Die Nachfolger stehen indes bereits fest und kommen, wie Beeck, von der Konkurrenz. Wie RTL gegenüber DWDL.de bestätigte, wird Daniela Will ebenso ins Früh-Team von RTL wechseln wie Daniel Fischer. Will machte sich zuletzt beim Nachrichtensender Welt einen Namen und stellte dort unter Beweis, dass sie lange News-Strecken souverän moderieren kann. Fischer wiederum ist seit vielen Jahren beliebter Morningshow-Moderator beim hessischen Radiosender FFH, stand aber auch schon vor TV-Kameras, allen voran bei der ZDF-Kindershow "1, 2 oder 3". Ebenfalls neu im Morgen-Team ist Annika Lau, die für RTL auch das neue "Gala"-Magazin moderieren wird und schon in der Vergangenheit beim "Sat.1-Frühstücksfernsehen" das frühe Aufstehen gewohnt war.

Ob es in dieser Konstellation gelingen kann, das Ruder noch einmal herumzureißen, ist freilich unklar. Für Rückenwind könnten jedoch die Erfahrungen der vergangenen Tage sorgen. Seit Beginn des Kriegs in der Ukraine sendet RTL anstelle von "Guten Morgen Deutschland" zusammen mit seinem Nachrichtensender ntv eine ausgedehnte Informationsstrecke, die ganz anders anmutet als das bis dato oft angestrengt gut gelaunte Frühmagazin - und damit auch eine echte Alternative zum "Sat.1-Frühstücksfernsehen" bietet.

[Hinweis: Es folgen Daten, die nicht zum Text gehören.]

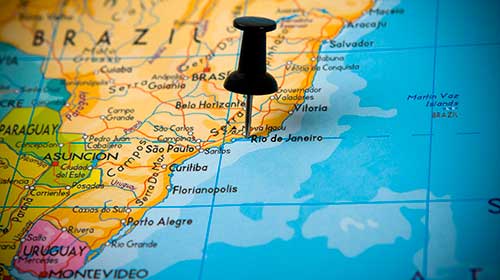 Pacotes de viagens com Grupo Brasileiros na Africa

Der Erfolg kann sich sehen lassen: Erst am Dienstag lag der durchschnittliche Marktanteil in der Zielgruppe bei fast 17 Prozent - und damit auf einer Flughöhe, die man bei RTL um diese Uhrzeit lange nicht gesehen hat. Vielleicht ist es also tatsächlich möglich, noch einmal an den Quoten-Erfolg früherer Zeiten anzuknüpfen. Martin Gradl, Chefredakteur Magazine bei RTL News, gibt sich jedenfalls optimistisch: "Wir sind davon überzeugt, mit dem Rebranding, dem neuen Studio und dem neuen Team die besten Voraussetzungen dafür zu haben, dass RTL auch am frühen Morgen mittelfristig wieder die Nummer 1 wird."